Menurut dia, AMG harus bertanggungjawab penuh untuk rehabilitasi kawasan yang rusak. Mereka sudah menjual pasir besi ke beberapa perusahaan hingga hasilkan Rp45 miliar lebih. Takdir bilang, harus ada langkah hukum, uang hasil penjualan pasir besi ilegal itu kembalikan ke negara untuk memperbaiki ekosistem yang rusak.

Data yang diperoleh Mongabay, AMG sudah beberapa kali melakukan pengiriman pasir besi. Sejak 8 Februari 2021 sampai 27 Maret 2021 ada enam kali pengiriman pasir besi.
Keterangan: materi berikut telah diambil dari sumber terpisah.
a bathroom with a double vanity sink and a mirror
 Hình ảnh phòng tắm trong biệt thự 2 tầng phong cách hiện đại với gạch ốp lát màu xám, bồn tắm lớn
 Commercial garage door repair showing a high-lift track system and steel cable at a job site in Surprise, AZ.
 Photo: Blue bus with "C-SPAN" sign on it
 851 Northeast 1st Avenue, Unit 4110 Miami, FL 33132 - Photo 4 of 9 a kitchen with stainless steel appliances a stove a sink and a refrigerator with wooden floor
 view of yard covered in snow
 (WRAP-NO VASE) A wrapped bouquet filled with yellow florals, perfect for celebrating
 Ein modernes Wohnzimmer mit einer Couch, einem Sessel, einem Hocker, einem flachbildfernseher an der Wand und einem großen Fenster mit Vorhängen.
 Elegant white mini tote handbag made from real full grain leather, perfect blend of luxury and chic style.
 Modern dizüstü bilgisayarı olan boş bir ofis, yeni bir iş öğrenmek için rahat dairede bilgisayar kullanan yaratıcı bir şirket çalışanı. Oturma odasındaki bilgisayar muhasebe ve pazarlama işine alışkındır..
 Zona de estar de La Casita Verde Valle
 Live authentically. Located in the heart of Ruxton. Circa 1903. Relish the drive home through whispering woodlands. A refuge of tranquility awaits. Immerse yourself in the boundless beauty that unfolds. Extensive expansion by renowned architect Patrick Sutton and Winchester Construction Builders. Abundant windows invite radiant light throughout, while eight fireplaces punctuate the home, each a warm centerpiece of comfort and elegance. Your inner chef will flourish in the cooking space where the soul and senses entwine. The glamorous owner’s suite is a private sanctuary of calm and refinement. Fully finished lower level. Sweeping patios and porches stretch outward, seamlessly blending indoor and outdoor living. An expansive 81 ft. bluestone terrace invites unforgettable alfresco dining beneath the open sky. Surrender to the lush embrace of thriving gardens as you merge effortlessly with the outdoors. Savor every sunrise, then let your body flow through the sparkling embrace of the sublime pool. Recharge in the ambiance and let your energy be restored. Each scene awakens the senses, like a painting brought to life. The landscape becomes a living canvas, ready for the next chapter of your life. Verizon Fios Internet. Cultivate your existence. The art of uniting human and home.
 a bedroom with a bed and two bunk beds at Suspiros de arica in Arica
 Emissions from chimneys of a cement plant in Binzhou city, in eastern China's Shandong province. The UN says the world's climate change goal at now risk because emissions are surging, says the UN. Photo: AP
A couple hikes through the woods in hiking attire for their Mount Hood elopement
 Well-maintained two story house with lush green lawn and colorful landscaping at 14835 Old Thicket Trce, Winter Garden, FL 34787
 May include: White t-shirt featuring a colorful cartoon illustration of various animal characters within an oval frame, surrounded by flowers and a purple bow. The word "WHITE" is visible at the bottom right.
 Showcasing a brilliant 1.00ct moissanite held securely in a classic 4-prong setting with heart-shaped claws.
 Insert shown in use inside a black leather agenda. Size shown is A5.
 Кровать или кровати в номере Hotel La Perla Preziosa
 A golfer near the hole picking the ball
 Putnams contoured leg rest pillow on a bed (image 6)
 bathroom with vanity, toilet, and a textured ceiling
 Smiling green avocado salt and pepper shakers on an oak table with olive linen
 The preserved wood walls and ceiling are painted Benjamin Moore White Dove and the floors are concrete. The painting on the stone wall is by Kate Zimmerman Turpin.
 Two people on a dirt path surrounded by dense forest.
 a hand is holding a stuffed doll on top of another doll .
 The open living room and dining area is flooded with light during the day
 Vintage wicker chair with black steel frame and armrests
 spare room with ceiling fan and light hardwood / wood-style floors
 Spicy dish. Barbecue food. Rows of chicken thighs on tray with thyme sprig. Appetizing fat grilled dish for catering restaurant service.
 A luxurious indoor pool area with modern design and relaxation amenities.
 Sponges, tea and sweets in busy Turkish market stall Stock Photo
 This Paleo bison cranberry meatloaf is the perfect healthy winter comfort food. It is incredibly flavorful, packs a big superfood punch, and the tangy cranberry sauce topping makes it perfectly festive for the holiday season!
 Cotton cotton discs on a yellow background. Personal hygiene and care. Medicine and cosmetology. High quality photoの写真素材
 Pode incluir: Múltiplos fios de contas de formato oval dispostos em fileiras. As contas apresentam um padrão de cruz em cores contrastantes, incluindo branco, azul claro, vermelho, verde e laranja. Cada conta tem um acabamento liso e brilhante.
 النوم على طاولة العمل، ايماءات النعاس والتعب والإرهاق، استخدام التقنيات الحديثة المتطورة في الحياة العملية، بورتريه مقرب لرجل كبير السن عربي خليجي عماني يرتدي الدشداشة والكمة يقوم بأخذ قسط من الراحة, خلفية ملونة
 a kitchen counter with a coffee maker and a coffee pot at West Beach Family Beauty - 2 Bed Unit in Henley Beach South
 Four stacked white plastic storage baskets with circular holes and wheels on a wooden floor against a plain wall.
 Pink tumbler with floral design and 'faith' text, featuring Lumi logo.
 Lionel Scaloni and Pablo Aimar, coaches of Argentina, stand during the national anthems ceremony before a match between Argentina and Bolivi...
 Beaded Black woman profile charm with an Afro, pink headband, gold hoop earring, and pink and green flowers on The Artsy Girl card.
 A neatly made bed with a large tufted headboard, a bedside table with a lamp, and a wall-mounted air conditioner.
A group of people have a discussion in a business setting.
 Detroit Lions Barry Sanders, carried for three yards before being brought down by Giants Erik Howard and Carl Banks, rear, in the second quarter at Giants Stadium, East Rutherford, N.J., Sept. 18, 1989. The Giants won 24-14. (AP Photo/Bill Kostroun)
Antara lain, Kapal TB. Maiden Cendana/BG. Sentana Abadi mengangkut 7, 756 juta ton pasir besi tujuan Panjang, yang dipesan PT Semen Baturaja, Tbk. Kapal TB. Marina 2211 BG Marine Poiwer 3058 angkut 7, 899 juta ton tujual Manokwari dipesan PT. SDIC Papua Semen.

Ada juga Kapal TB. Lumena 26/BG. LMN 316 mengangkut 8,706 juta ton tujuan Tuban dengan pemesan PT Berkah Putra Mandiri untuk PT Solusi Bangun Indonesia.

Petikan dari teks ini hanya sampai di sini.